* Required action:
Somewhere below is a line with "Detail of silk-satin" and, later, a line with "Bassy Ls O-Neck Knit Black|XS"; repeat those two lines and all the lines between them, exactly as they are.

* Material supplied:

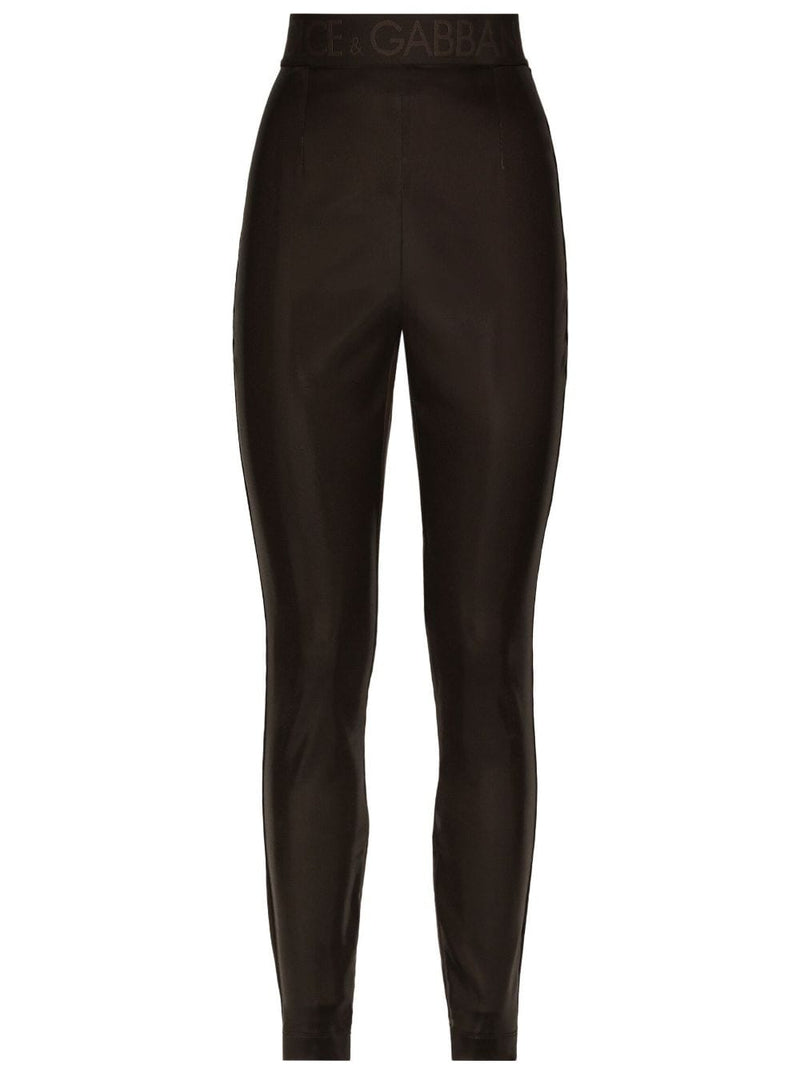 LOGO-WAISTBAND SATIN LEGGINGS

==

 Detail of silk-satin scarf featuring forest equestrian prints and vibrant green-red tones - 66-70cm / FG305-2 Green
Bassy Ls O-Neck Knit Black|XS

...

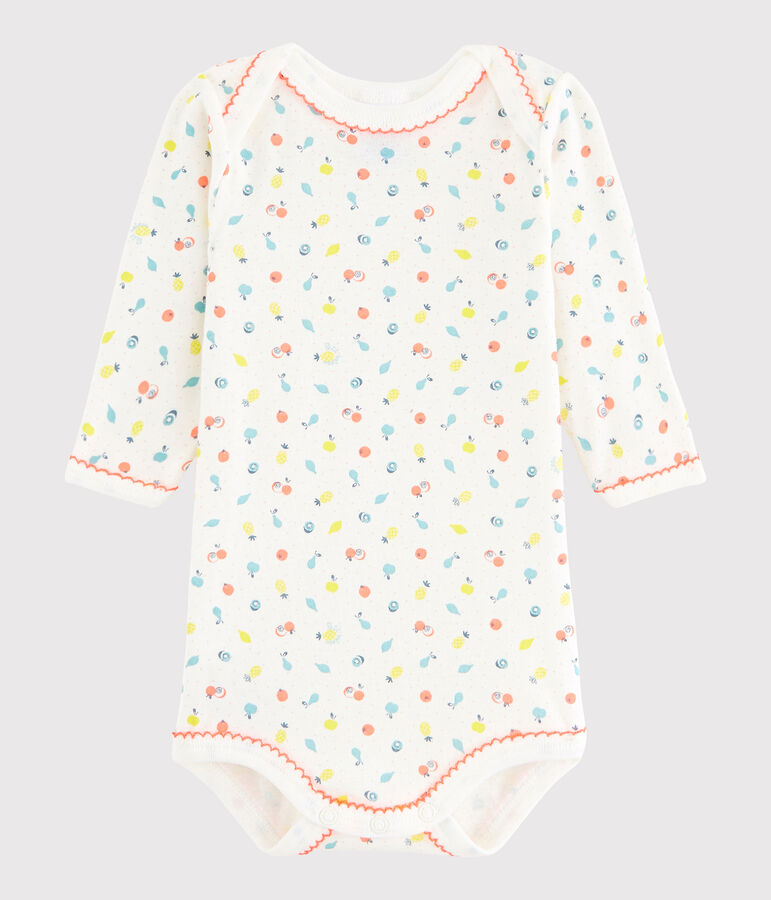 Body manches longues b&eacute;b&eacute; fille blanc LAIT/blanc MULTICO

* Written reply:
 Detail of silk-satin scarf featuring forest equestrian prints and vibrant green-red tones - 66-70cm / FG305-2 Green
Bassy Ls O-Neck Knit Black|XS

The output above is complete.